Del carácter excepcionalísimo de la acción de tutela contra providencias judiciales. Es acertado reiterar en esta oportunidad, que cuando la acción de tutela pretende la protección de un derecho fundamental presuntamente vulnerado por una providencia judicial, su procedencia no es excepcional, sino excepcionalísima, pues corre el demandante con la carga de demostrar la presencia de una o varias de las causales de procedibilidad que esta Corporación ha venido acogiendo, en posición compartida con la Corte Constitucional, que en decisión CC T-780/06 expresó: La eventual procedencia de la acción de tutela contra sentencias judiciales y otras providencias que pongan fin al proceso tiene connotación de excepcionalísima, lo cual significa que procede siempre y cuando se cumplan unos determinados requisitos muy estrictos que la jurisprudencia se ha encargado de especificar –Negrillas fuera del original-.

Finalmente, cabe destacar que a partir de la misma decisión CC C-590/05, arriba citada, la procedencia de la tutela contra una decisión emitida por un juez de la República se habilita, únicamente, cuando se presente al menos uno de los defectos generales y específicos sintetizados en este capítulo. 3. Análisis del caso concreto. En este asunto, el apoderado de la demandante acomete por la extraordinaria vía constitucional, para que se revoquen las providencias emitidas por la Sala Laboral del Tribunal Superior de Barranquilla, dictada el 13 de septiembre de 2013 y el Juzgado Noveno Laboral del Circuito de esa ciudad y de contera, se ordene el reconocimiento de los incrementos pensionales del 14% por cónyuge a cargo reclamados por ALFREDO MORALES BARROS.

No obstante lo anterior, más allá de la fundamentación que presenta el apoderado del accionante en el libelo de tutela, lo cierto es que el fallo CC T-217 de 2013, dictado por la Corte Constitucional e invocado como razón para propiciar una intervención del juez de tutela, sólo refiere a una nueva razón jurídica, un novedoso soporte argumentativo a partir del cual la parte demandante estima que debe variarse el sentido de lo resuelto en el litigio ordinario que comprometió a las mismas partes, la misma causa y el mismo objeto, generando con ello una cosa juzgada que, como lo indica la doctrina, no puede alterarse por la nueva calificación jurídica que los interesados concedan a los hechos o fundamentos del objeto procesal.

Amén de lo anterior, el Tribunal Superior de Barranquilla sustentó en debida forma la variación jurisprudencial que lo llevó a acoplar su postura a la que ya aplicaba la Sala de Casación Laboral desde el año 2006 y reiteró pacíficamente mediante decisión CSJ SL, 8 de mayo de 2013, Rad. 32.308, para determinar, con una razonable interpretación, que los incrementos que pretendía obtener ante la jurisdicción ordinaria laboral estaban sujetos al término de prescripción contemplado en el artículo 151 del Código Procesal del Trabajo.

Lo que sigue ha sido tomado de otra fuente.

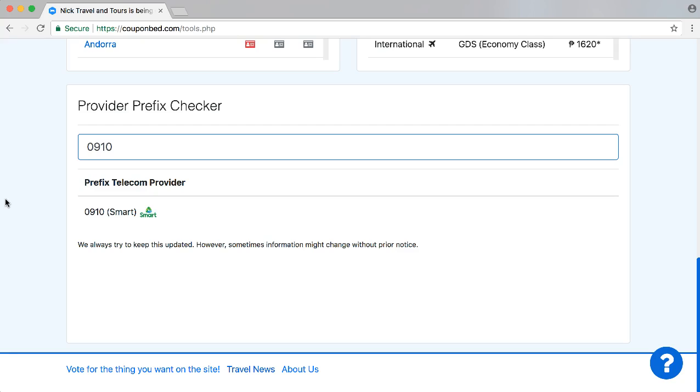If you like this and would like to have Couponbet for your travel agency, go to couponbet.com and register right away for an account.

Bajo este contexto, estima la Sala, que el juez ordinario obró razonablemente y resolvió el asunto expuesto a su conocimiento acorde con los parámetros legales y jurisprudenciales aplicables al caso concreto, según el grado de autonomía e independencia que igualmente le concede la Constitución Política en el artículo 228. Esas razones hacen imperioso confirmar el fallo impugnado.

En mérito de lo expuesto, LA CORTE SUPREMA DE JUSTICIA, SALA DE CASACIÓN PENAL – SALA DE DECISIÓN DE ACCIONES DE TUTELA NO. 3, administrando justicia en nombre de la República y por autoridad de la Ley, RESUELVE CONFIRMAR el fallo impugnado. NOTIFICAR esta providencia de conformidad con el artículo 30 del Decreto 2591 de 1991. REMITIR el expediente a la Corte Constitucional para su eventual revisión, una vez en firme.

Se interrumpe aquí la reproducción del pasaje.